* _INFORMATION SHOWN_:
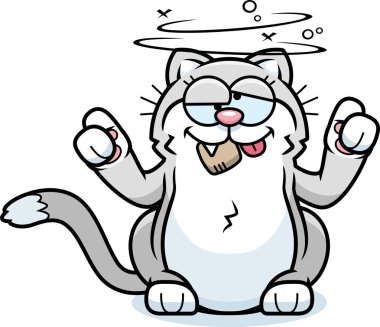 A cartoon illustration of a little cat high on catnip. clipart
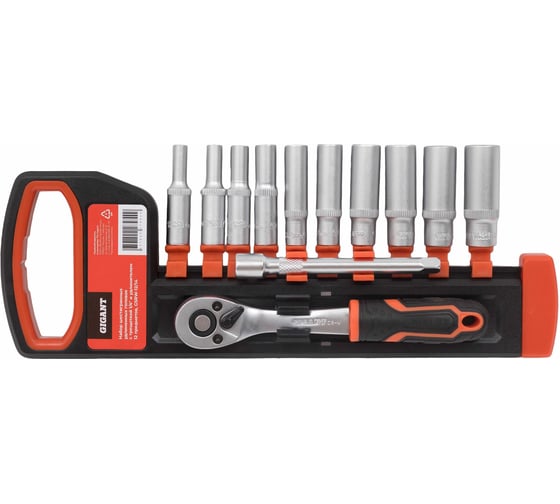 Изображение товара Набор шестигранных удлиненных головок Gigant с трещоткой 1/4" и удлинителем, 12 предметов GSRW-12/14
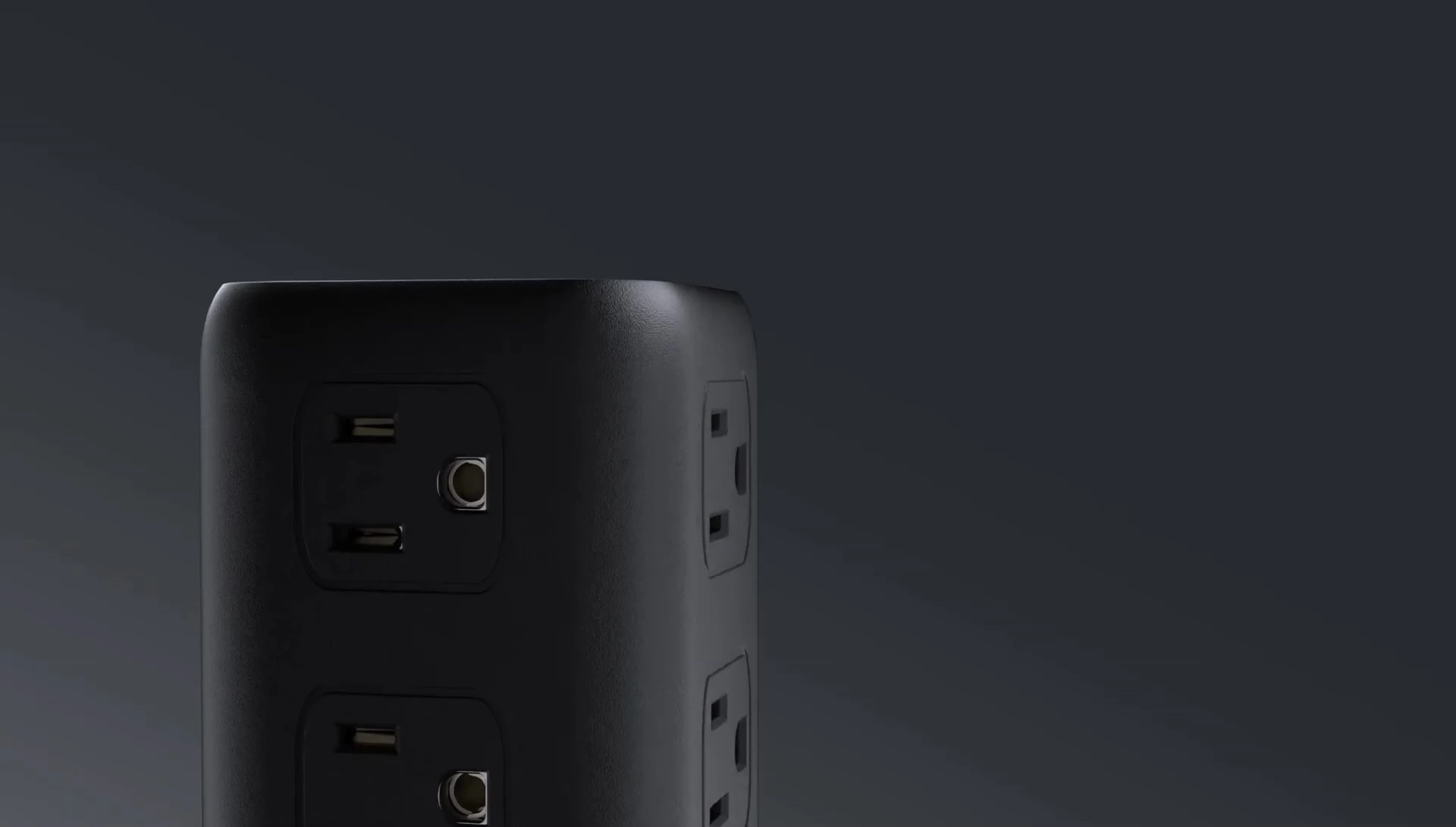 Close up of the tower design and easy access to plugs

* _AIM OF THE EXERCISE_:
Exactly the lines from the one that contains "Изображение товара Набор" to the last line of the data, both included, should be set down, and no pictures should appear among them.

* _FINISHED TASK_:
 Изображение товара Набор шестигранных удлиненных головок Gigant с трещоткой 1/4" и удлинителем, 12 предметов GSRW-12/14
 Close up of the tower design and easy access to plugs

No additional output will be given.